Solange wants her music to inspire "young black girls" for the next five decades.

Solange

Solange

The 32-year-old star unveiled her fourth album 'When I Get Home' last week, and she has revealed her goal of making "astounding work" which will stand the test of time.

She's quoted by The Guardian newspaper as saying: "I'm thinking about the possibility of maybe some young black girl in 20 years needing to reference a black sculptor who's making work that large, and in landscape like that, and the blessing and privilege [that] I might come up in that search.

"Of course, I want to make these massive landscapes and express these parts of me ... because it's beautiful, and I want to make astounding work. But I really want to make work to be discovered 50 years from now."

After releasing her previous LP 'A Seat at the Table', Solange - whose older sister is superstar Beyonce - spent a lot of time on the road, and returning to her hometown of Houston, Texas was what she needed to revitalise herself personally and professionally.

She explained: "I think any time you go through something like that, you crave ... things that remain the same.
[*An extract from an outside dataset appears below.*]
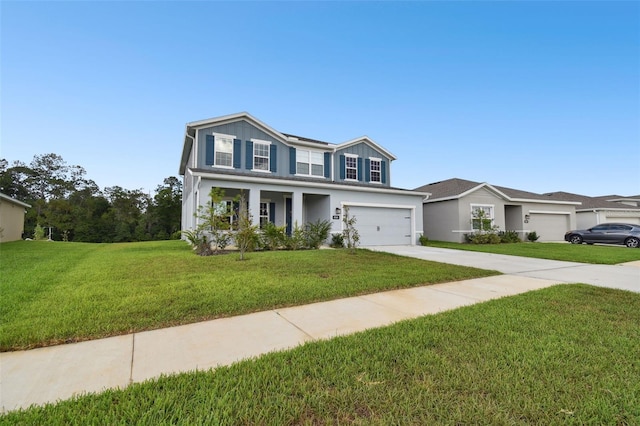 view of front of home featuring a garage and a front yard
"I know that at any given time in my life, I can come back here, to Houston, to third ward, and have these anchors.

"The longer I was here, the more these sort of things that might have been mundane to me, visually, started to really enrich me."

The resulting follow-up record is one that is more for the singer herself, rather than something accessible for everyone else.

She added: "I had so much to give on my last project while also needing to heal and work on myself," she says. "['A Seat at the Table'] was for everybody. I wanted it to be. And ['When I Get] Home' is for me."